Je me faisais peut-être une fausse idée de l’Attrapeur de rats, m’imaginant quelque chose entre le Dostoïevski des Carnets du sous-sol et Kafka. C’est probablement ce qui m’a donné l’impression d’en sortir sans jamais avoir pu y entrer.
Pour le narrateur, c’est un peu différent : homme solitaire que ses rencontres rendent en définitive encore plus solitaire, il se retrouve livré à lui-même dans les deux cent soixante pièces désertes de la banque centrale d’une ville qui ne sera finalement guère évoquée. À ses yeux, « la comparaison avec un labyrinthe » s’impose (p. 32 de la réédition chez Noir sur blanc, dans une traduction de Paul Castaing). Un peu plus loin (p. 33), c’est « au fond d’un aquarium vidé de son eau, ou sur la banquise » qu’il s’imagine évoluer.
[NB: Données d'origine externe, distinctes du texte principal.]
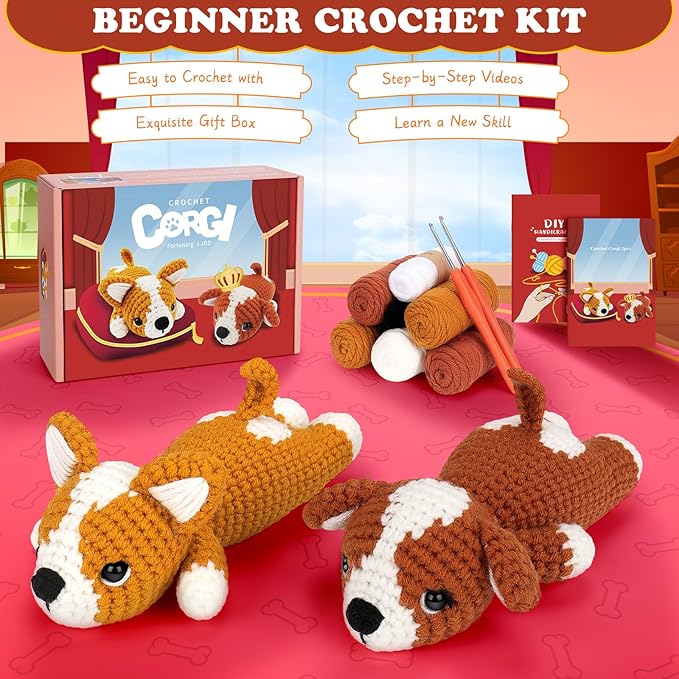 Fortuning's JDS Crochet Kit for Beginners, 2 Adorable Corgi Dog Crochet Animals Kits, Easy Beginner Crochet Kit for Adults & Kids, Women & Men, DIY Craft Knitting Kit with All Supplies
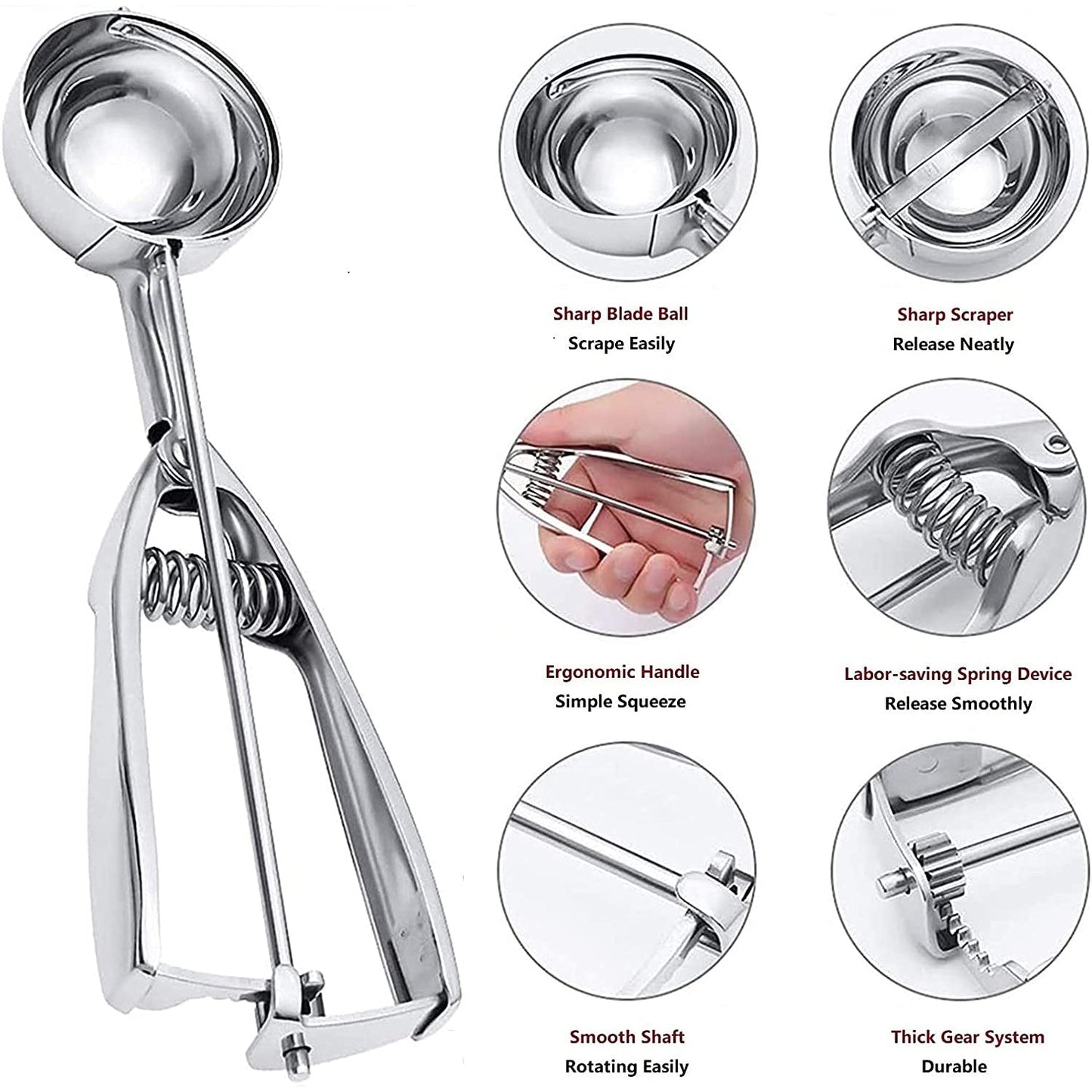 Skorter | 3-Piece Set: Stainless Steel Cookie Scooper with Trigger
Dans tous les cas, un sentiment d’inadaptation, voire d’aliénation. Un téléphone, son unique lien avec le monde extérieur, ne le rassure pas : « – Cent sept vingt et un, scandai-je en articulant de mon mieux. / – Cent huit zéro un, répéta consciencieusement la téléphoniste d’une voix neutre » (p. 50). C’est peut-être là que son expérience de personnage rejoint mon expérience de lecteur...
Entendons-nous bien : les quelque soixante pages de l’Attrapeur de rats ne sont pas sans intérêt, et une évidente richesse littéraire naît de ses contradictions et de ses paradoxes. Il y a des images fortes – « Des fantômes peuplèrent les ténèbres. Je voyais le spectre velu qui hante les coins obscurs des chambres d’enfants au crépuscule » (p. 56). Et mal construit, le récit d’Alexandre Grine l’est au même titre que Moby Dick est bordélique, ou que les Carnets du sous-sol (tiens, tiens…) manquent d’élégance. Ça n’aurait donc pas dû me déranger.
Pourtant, quoiqu’on ne puisse pas parler d’hermétisme à propos de cette nouvelle, je n’ai pas pu y entrer. (Le narrateur entre dans la banque centrale grâce à son ancien épicier, devenu fonctionnaire. Un tel personnage m’a peut-être manqué.) Si bien que l’excipit prend une résonance particulière : « La suite n’a pas d’importance. Mais il dépend de moi que se prolonge le moment où je sentis sur ma tête la caresse de la douce main. Je dois conquérir la confiance… / Et maintenant, plus un mot là-dessus. » (p. 81).